Big loss in virtual currency? Here's how to get rid of itching

Big loss in virtual currency? Here's how to get rid of itching

Big loss in virtual currency

Big loss in virtual currency? Here's how to get rid of itching -  It has been a tough year for cryptocurrency investors who have seen the prices of digital assets plummet.

Bitcoin, for example, is trading about 65% down from its all-time high, a record just nine months ago.
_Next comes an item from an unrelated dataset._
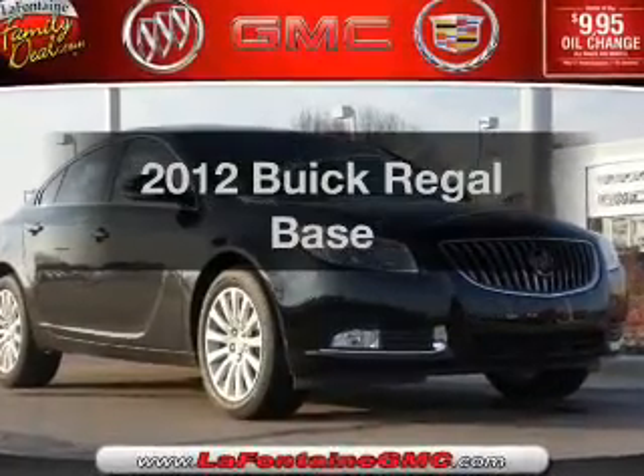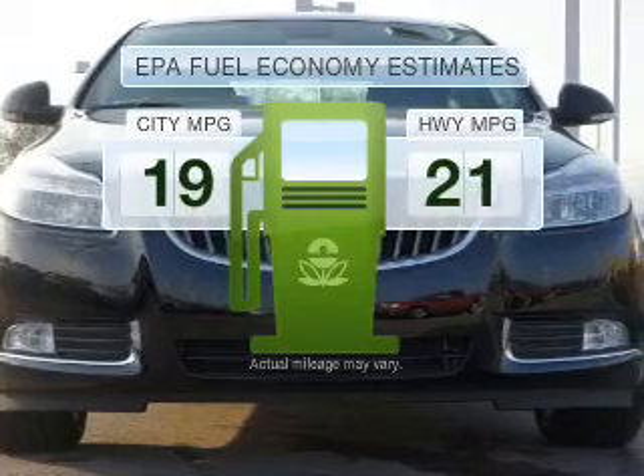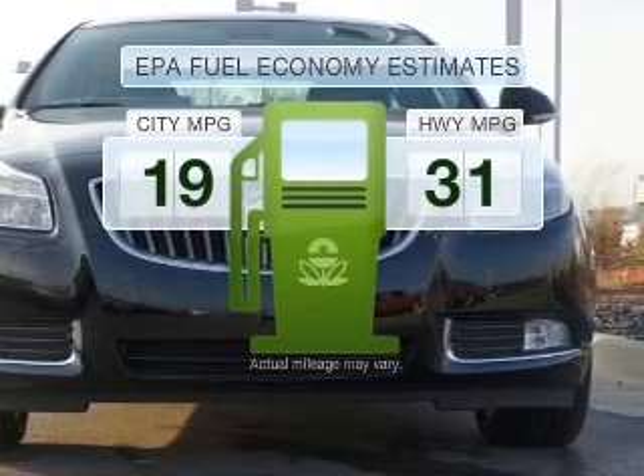Introducing the 2012 Buick Regal. This is the set of wheels you've been looking for. Low emissions and the good fuel economy offered in this vehicle are important to you and to the environment.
If you bought it when crypto was on the rise and sold it this year, or if you're looking to sell it, there are at least a few ways you can make the pain of losing less painful.

Take advantage of losses

You can use your cryptocurrency capital losses to offset the capital gains realized this year. Even if it is through the sale of another security or another asset such as a stock or a house.

For example, in February 2021 he bought Bitcoin for $50,000 and recently sold it for $24,000. You hold the investment for at least a year, resulting in a long-term capital loss of $26,000.

Now suppose you sell your long-term holdings in a taxable brokerage account (that is, not a tax deferred account like a 401(k) or IRA) and reserve $10,000 in capital gains.

On your 2022 tax return, you can fully offset the taxes you owe on your $10,000 capital gain with a $10,000 capital loss. In addition, you can use your losses to offset taxes owed on up to $3,000 of your regular income for the year.

Losses not used this year can be used in the future. So in the above example, half of this year's capital loss ($13,000) is used to offset a capital gain of $10,000 and an income of $3,000. The remaining half of the loss can then be carried forward to future years. You can also use the $3,000 of your losses to offset taxes on your $3,000 of income, even if you have a year with no offsetting gains.

But when you die, your losses go away with you for tax purposes.You cannot bequeath them for others to use. "Your heirs don't inherit losses," said Larry Pong, a California-based CPA and CPA planner at CPA.

Wash sale rules don't apply to cryptocurrencies... yet

Unlike stocks, you can choose to sell your lost crypto assets and claim your tax losses, but you can buy the exact same assets again before and after the sale.

Here's why: For tax purposes, crypto assets are classified as property rather than securities. Capital losses from both types of assets can therefore be used to offset profits, but there are separate tax rules governing only securities and not crypto assets. At least not yet.

This is the so-called wash sale rule. The IRS does not allow capital losses claimed on the sale of stock or securities if the stock or a "substantially identical" stock is repurchased within 30 days before or after the sale.

There are no rules comparable to crypto. “Although the IRS has not specifically addressed this area, most practitioners believe that the wash sale rule does not generally apply to cryptocurrencies. The IRS has stated that it treats cryptocurrencies as assets. But the wash sale rule applies to stocks and securities," said Mark Luscomb, principal federal tax analyst at Walters Kluwer Tax & Accounting.

Therefore, even if you make a loss, you can always buy back if you are confident that the same cryptocurrency is guaranteed in the long run. It doesn't matter if it's the day you sell it.

“If you sell your cryptocurrency and buy it back quickly, you can tax the harvest loss without applying the 30-day rule,” said Kell Canty, CEO of crypto tax software provider Ledgible.

This trading advantage over securities will not last forever. Lawmakers have already proposed expanding the wash sale rule to cover cryptocurrencies and other assets in the proposed law. But that expansion is highly unlikely to happen this year.

“This rule may change in the future, but in 2022, crypto assets will not be subject to the wash sale rule,” Pong said.

One exception is when you have indirect exposure to crypto assets, such as through exchange-traded exchange-traded funds such as the ProShares Bitcoin ETF (BITO).

“Trading on a stock exchange may result in the IRS treating such cryptocurrencies as securities and subject to wash sale rules,” Luscombe said.